何よりもイベント以外の活動による来街者の増加は漏れてしまいます。
エリアクオリア指標で活用している人流データを活用すれば、年間での来街者数の増加の計測精度が高まりますし、スマホの決済データから消費単価の把握も可能になります。
年間でのイベント開催数や個別イベントでの集客数を集計する従来手法よりも、合理的で説得力があるのではないでしょうか。
別の視点では、対象エリアの口コミデータの総数から広告価値に換算する方策も提案可能です。
2.健康効果の測定
エリアクオリア指標は、「ファンが多い街づくり」を目標にしますので、その効果測定も経済効果が中心となります。
しかし経済効果以外にも、健康効果などの測定・可視化も可能だと考えます。
商業地であれば、来街者数の多さは「売上」などに反映されますが、日常圏での「回遊・交流が多い街」が、すぐに賃料や地価の上昇という形で顕在化するわけではありません。

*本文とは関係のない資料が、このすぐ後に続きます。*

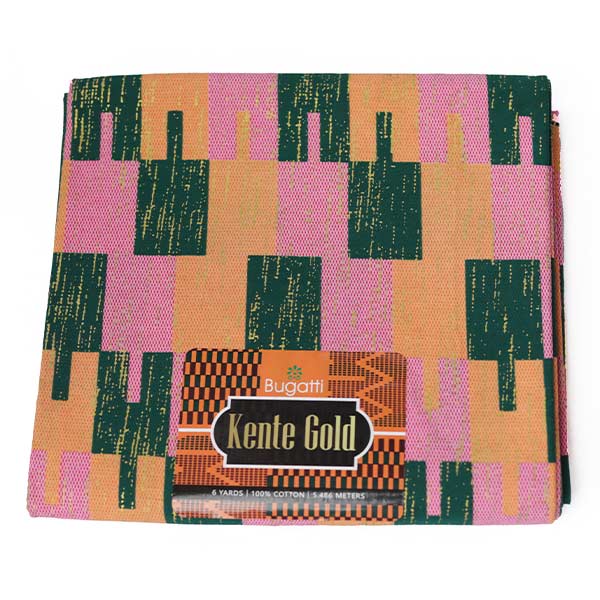 Close-up of Green and Pink Kente Gold Wax Fabric for Sale showing Kente prints 4 Close-up of Green and Pink Kente Gold Wax Fabric for Sale showing Kente prints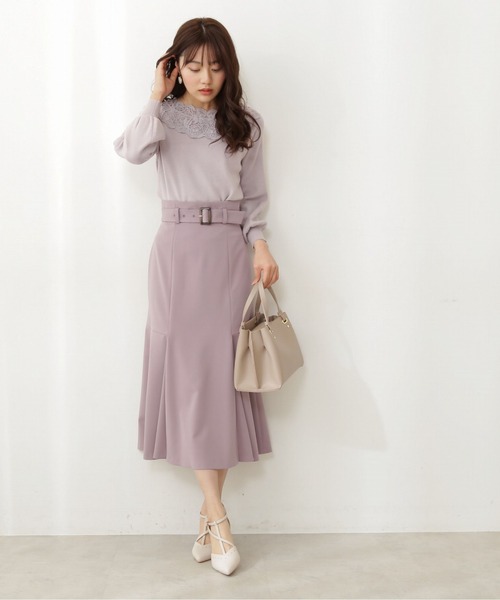 PROPORTION BODY DRESSING（プロポーションボディドレッシング）の「レースデコルテニット / 1212170209（ニット/セーター・レディース・オフホワイト/ダークグレー/パープル・FREE）」の4枚目の写真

少なくとも「①日常圏で回遊・交流が多い」→「②住み心地が良いし、街に愛着が持てる」→「③評判になり転入したい人が増えて、転出したい人が少なくなる」→「④競争力が高まり、市場価値が上がる」という複数のステップがありそうです。
そこで社会コストの低減の視点を想定してみます。
子育てや防災、健康に関するコストの低減などが考えられますが、特に研究が進んでいるのが「健康」分野です。
国交省では、「歩いて楽しめるまちづくり」の補足資料として、「まちづくりにおける健康増進効果を把握するための歩行量調査のガイドライン」をまとめており、その中で「医療費抑制効果の見える化(原単位の試算)」を算出しています。
既往の研究・報告を2つに大別し、
特定の集団の経年的な調査から医療費抑制効果を把握:0.045-0.061円/歩/日
特定の疾病の発症リスクの低減効果から医療費抑制効果を把握:0,0015-0.0044
円/歩/日
の結果を一人当たり医療費の経年的な上昇傾向から補足して:0.065-0,072円/歩/日として算出しています。

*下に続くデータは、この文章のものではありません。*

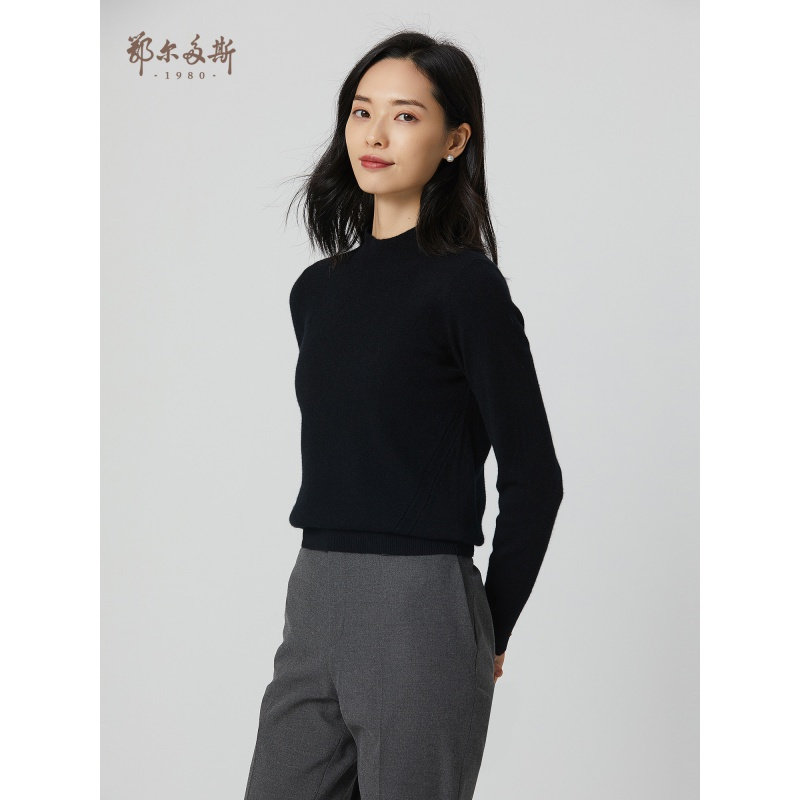 鄂尔多斯1980 半高领女羊绒衫百搭修饰腰身针织衫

※1日+1,500歩で年間約3万5千円の医療費抑制効果(一人当たり年間医療費約40万7千円)
ガイドラインでは「これらの原単位を活用して、医療費抑制効果を見える化することも考えられる。」とまとめられています。
エリマネ活動を通じて回遊・交流を促し、一万人の人たちが1日1,500歩増えると、年間3億5千万円の医療費抑制効果があるというわけです。
人流データを活用して、年間歩行数が算出できると、これらの効果測定が可能になります。
※社会コストの低減という意味では、「CO2の排出量削減効果」も想定されますが、ある試算では、医療費抑制効果の1/100 と算定されており、今回の採用は見送ることにしました。